◆ **ACTIVITY**: Please show every line from the entries that carries the word "chair".

Crawled caption data:
****************

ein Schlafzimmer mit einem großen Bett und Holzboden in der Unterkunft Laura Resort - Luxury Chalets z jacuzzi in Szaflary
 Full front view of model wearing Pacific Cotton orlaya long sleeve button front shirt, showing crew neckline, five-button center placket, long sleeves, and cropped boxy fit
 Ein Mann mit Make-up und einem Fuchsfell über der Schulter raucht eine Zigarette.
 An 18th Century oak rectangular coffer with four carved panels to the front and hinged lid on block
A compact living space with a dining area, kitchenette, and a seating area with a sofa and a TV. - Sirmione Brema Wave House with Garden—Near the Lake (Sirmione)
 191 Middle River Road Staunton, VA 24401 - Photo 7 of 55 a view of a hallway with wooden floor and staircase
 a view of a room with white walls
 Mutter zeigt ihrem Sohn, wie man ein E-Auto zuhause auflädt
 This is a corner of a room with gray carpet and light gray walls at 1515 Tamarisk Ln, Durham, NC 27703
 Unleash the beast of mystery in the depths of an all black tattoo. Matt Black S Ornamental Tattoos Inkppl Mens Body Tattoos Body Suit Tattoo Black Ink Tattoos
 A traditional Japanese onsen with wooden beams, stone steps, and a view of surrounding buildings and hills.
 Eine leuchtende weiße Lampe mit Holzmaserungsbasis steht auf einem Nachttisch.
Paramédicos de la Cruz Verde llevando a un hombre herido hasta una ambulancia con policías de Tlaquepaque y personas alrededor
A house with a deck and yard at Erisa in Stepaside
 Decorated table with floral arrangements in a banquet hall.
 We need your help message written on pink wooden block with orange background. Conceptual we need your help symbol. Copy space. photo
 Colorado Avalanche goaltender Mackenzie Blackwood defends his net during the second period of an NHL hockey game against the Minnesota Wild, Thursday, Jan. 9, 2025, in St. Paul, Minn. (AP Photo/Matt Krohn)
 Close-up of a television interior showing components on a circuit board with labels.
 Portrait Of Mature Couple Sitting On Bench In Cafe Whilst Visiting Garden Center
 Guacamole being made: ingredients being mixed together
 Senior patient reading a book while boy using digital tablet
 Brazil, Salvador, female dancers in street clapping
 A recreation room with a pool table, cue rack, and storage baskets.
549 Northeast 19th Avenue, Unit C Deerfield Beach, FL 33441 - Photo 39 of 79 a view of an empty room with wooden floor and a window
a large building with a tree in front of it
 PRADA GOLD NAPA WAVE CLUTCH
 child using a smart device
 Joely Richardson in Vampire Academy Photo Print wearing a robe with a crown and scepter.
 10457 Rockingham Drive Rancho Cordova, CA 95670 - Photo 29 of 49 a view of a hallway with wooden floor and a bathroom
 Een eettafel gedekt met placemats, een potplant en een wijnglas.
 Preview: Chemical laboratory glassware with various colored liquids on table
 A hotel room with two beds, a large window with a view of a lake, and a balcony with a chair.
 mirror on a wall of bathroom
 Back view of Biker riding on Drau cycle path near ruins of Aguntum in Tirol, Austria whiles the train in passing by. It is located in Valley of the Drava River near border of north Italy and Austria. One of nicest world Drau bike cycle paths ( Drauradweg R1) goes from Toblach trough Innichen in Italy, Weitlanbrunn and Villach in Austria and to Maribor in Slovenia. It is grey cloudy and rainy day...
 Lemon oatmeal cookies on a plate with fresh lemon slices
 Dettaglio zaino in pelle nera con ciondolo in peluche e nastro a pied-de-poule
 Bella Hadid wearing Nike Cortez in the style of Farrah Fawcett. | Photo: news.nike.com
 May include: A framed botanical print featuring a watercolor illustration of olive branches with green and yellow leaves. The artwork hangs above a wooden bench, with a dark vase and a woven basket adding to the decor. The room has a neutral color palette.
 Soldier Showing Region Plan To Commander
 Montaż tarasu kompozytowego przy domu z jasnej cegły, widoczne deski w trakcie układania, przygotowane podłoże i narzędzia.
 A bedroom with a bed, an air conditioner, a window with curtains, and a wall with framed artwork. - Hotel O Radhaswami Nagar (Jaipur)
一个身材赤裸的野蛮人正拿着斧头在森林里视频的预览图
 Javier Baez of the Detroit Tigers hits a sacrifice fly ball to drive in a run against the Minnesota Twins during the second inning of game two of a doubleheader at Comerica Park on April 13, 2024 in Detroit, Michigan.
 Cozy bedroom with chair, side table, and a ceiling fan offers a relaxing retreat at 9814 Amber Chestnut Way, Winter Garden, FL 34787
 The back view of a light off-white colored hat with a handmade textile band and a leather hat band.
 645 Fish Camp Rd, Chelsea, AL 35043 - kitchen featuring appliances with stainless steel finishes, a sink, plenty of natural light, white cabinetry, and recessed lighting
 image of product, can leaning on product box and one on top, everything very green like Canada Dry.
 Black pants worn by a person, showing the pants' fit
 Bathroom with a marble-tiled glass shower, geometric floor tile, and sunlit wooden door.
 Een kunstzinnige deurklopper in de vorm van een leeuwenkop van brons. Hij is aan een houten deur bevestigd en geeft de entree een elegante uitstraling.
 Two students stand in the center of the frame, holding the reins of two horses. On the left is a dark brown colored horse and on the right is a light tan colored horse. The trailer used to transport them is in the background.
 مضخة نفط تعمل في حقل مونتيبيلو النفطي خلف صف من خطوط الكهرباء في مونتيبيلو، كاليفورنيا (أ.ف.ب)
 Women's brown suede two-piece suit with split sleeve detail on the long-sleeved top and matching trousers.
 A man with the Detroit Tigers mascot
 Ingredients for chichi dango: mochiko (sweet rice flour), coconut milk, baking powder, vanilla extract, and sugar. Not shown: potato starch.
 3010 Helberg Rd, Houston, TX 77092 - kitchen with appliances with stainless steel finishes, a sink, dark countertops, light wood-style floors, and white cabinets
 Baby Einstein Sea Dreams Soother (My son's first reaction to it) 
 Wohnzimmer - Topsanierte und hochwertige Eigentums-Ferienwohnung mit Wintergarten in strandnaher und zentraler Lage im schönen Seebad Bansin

****************

◆ **SOLUTION TO THIS TASK**:
 A hotel room with two beds, a large window with a view of a lake, and a balcony with a chair.
 Cozy bedroom with chair, side table, and a ceiling fan offers a relaxing retreat at 9814 Amber Chestnut Way, Winter Garden, FL 34787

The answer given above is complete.